## The problem
Only the lines from the one containing "Algarve elegant country villa" through the end of the listing are to be repeated, exactly and without pictures.
+++ Dataset entries +++
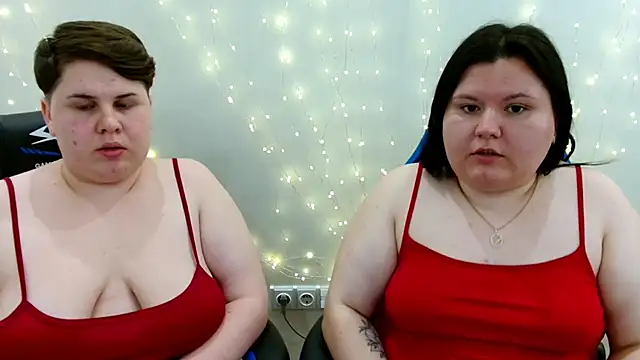 Snapshot of BeckyAndHellen chatting on June 2026 07:08:02 PM BeckyAndHellen online show from June 2026 07:08:02 PM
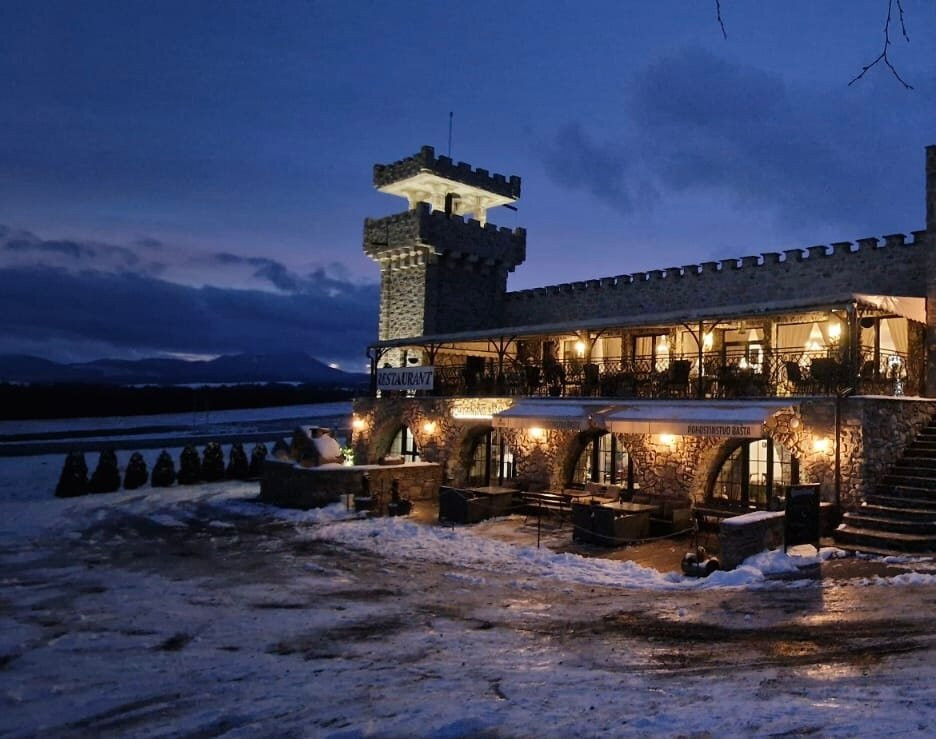 Reštaurácia Hradná Bašta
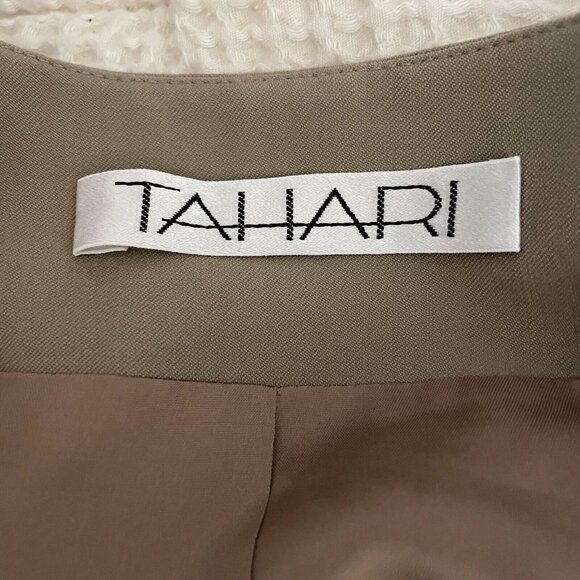 Tahari Concealed Button Placket Blazer Jacket Women Long Sleeves Round Neck 4 - Picture 6 of 8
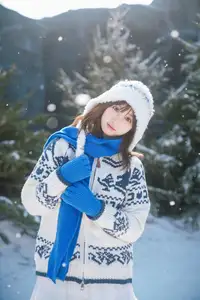Cozy Winter Charm: Pao Pao Xiao Mie's Warmth Amidst the Snow Vol.8544 - image 0
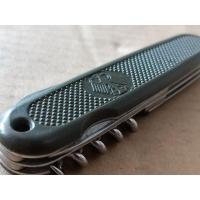 ราคา มีดvictorinox ทหารเยอรมันมือสอง (23582087025)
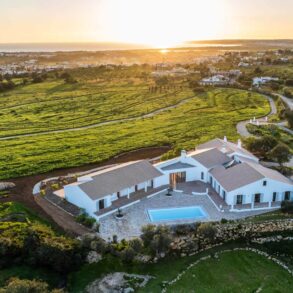 Algarve elegant country villa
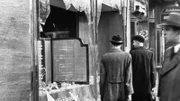 Geschäfte und Grundstücke, die Juden gehörten, waren das Ziel von bösartigen Nazi-Mobs während einer Nacht des Vandalismus, die als "Kristallnacht" bekannt ist.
+++
## Response below
 Algarve elegant country villa
 Geschäfte und Grundstücke, die Juden gehörten, waren das Ziel von bösartigen Nazi-Mobs während einer Nacht des Vandalismus, die als "Kristallnacht" bekannt ist.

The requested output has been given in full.